Knowledge Graph Merkel

 

 

 

 

 

7.) Universal Search: Ganz am Anfang lieferte Google als Antwort auf eine Suchanfrage nur Textlinks aus. Aber bald stellte sich heraus, dass manchmal die beste Antwort nicht nur aus Text besteht. Zum Beispiel möchte man zu der Anfrage „Emmy Verleihung 2014“ nicht nur Textlinks aufgelistet bekommen, sondern zum Beispiel auch aktuelle Zeitungsnews sowie Bilder.

Google Universal Suche

 

 

 

 

 

 

 

 

 

 

 

8.) Infos für einen selbst: Angenommen, Sie haben einen Flug gebucht und eine E-Mail-Bestätigung in Ihrem Gmail-Postfach liegen. Dann kann man Google via Smartphone fragen, wann der Flug startet. Oder aber man erkundigt sich nach dem Termin für die nächste Yoga-Stunde. Natürlich sind diese Infos nur für einen selbst gedacht und nicht öffentlich zugänglich.

9.) Aktionen: Mit Hilfe der App „Google-Suche“ auf dem Handy lassen sich ganz einfach E-Mails versenden – ohne den Inhalt der Nachricht selbst tippen zu müssen. Man spricht einfach mit seinem mobilen Telefon: „Ok, Google, schicke Johannes bitte eine E-Mail mit folgendem Inhalt: Wollt ihr am Samstag mit uns Bowlen gehen?“ Man kann auch ausgefeilte Erinnerungen einstellen, z. B. dass Google einen daran erinnern soll, dass man noch eine Packung Nudeln benötigt, wenn man das nächste Mal am Supermarkt XYZ vorbeikommt.

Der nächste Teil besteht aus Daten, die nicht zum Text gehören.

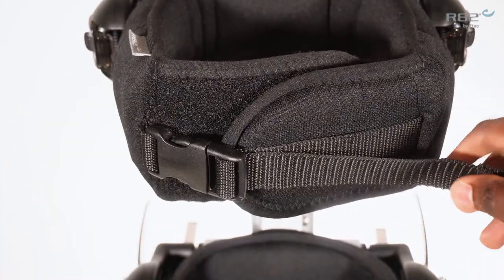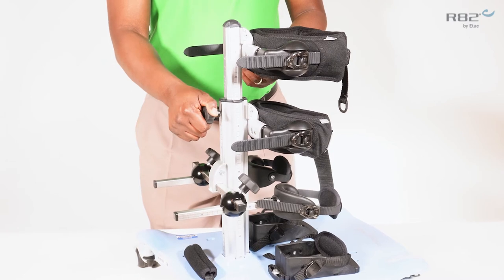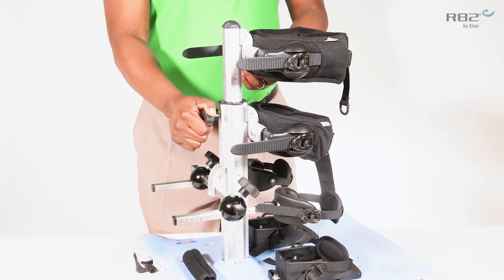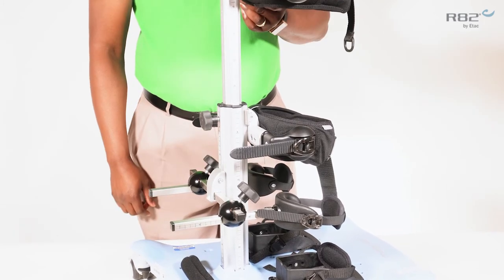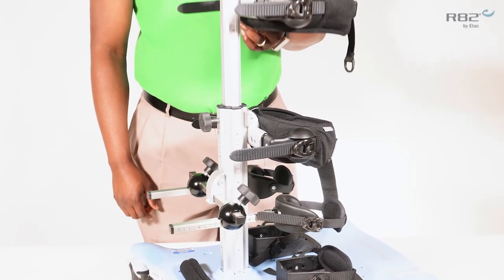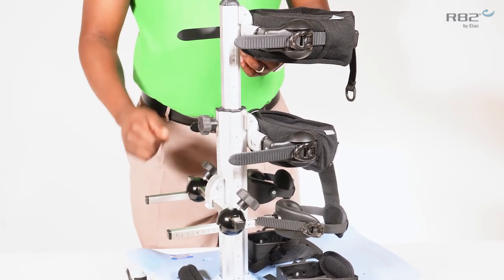To adjust the height of the trunk support, simply loosen the knob located in the rear of the height adjustable column. Adjust your trunk support to the desired range and tighten the knob.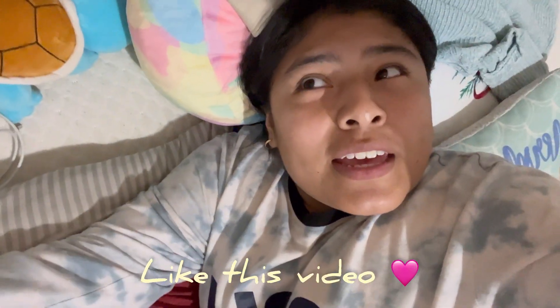Thank you guys for watching! Don't forget to give this video a thumbs up and go ahead and watch any other videos of mine if you'd like. I'll see you guys in the next one — thank you guys so much, bye bye bye!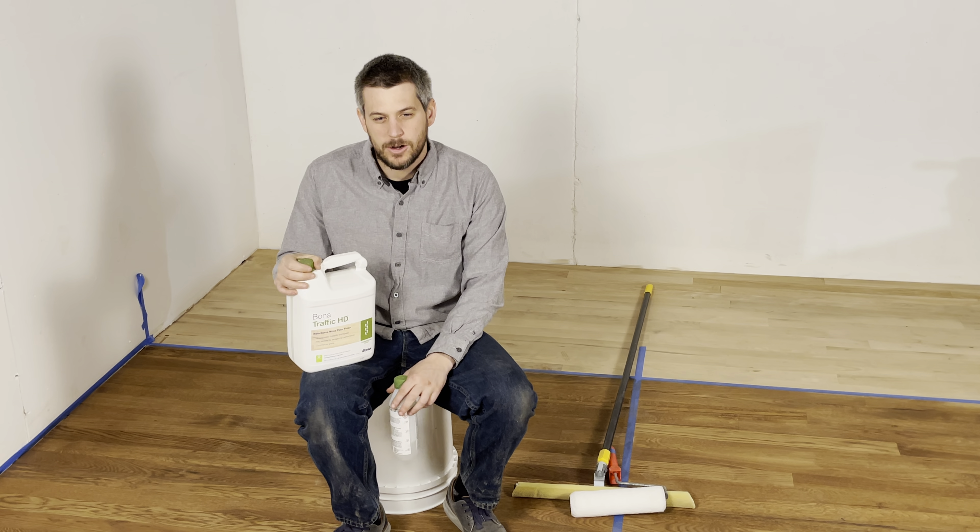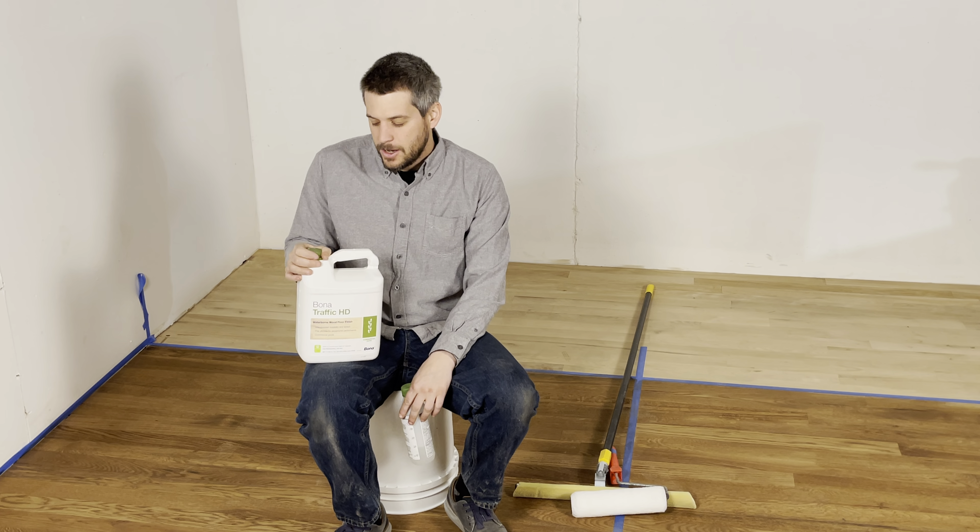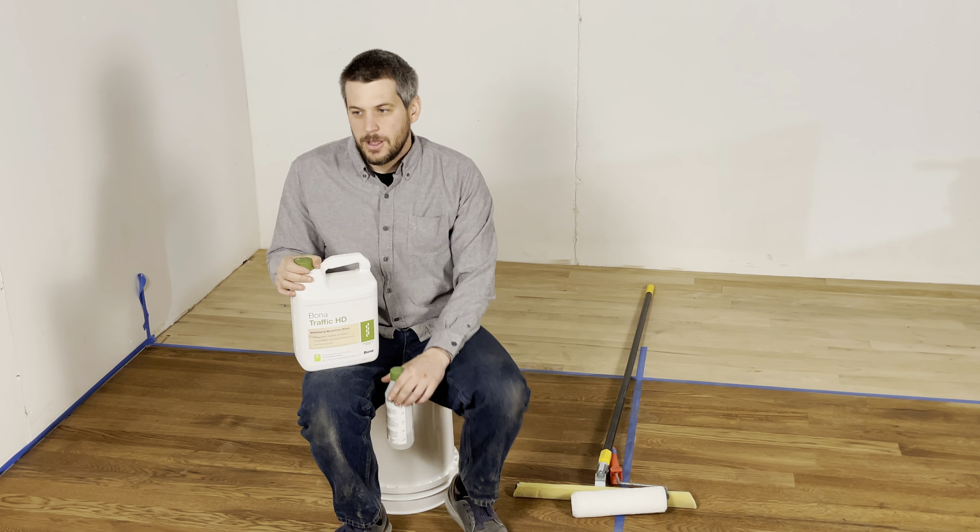This is Wood Falling Supply, and today we're going to go over the Traffic HD. This is Bona's toughest commercial finish for homes or commercial spaces.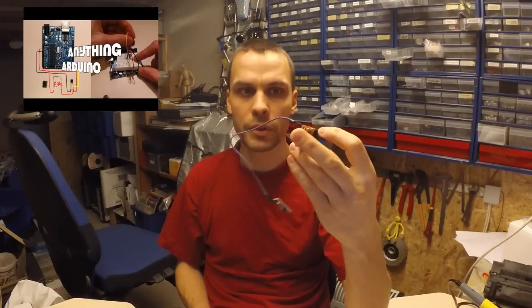Hello and welcome to another episode of Anything Arduino. In the last episode we did a heater controller with a DS18B20, and we were also going to make a pump controller with the same concept.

10.) Automatische Antworten: Google kann einem mittels der App „Google Suche“ auch bei der Bewältigung alltäglicher Aufgaben helfen. Die Suchmaschine erinnert einen an Reservierungen für Bahn- oder Busfahrten oder wenn es im Vorfeld eines wichtigen Termins zu Staus auf den Straßen kommt.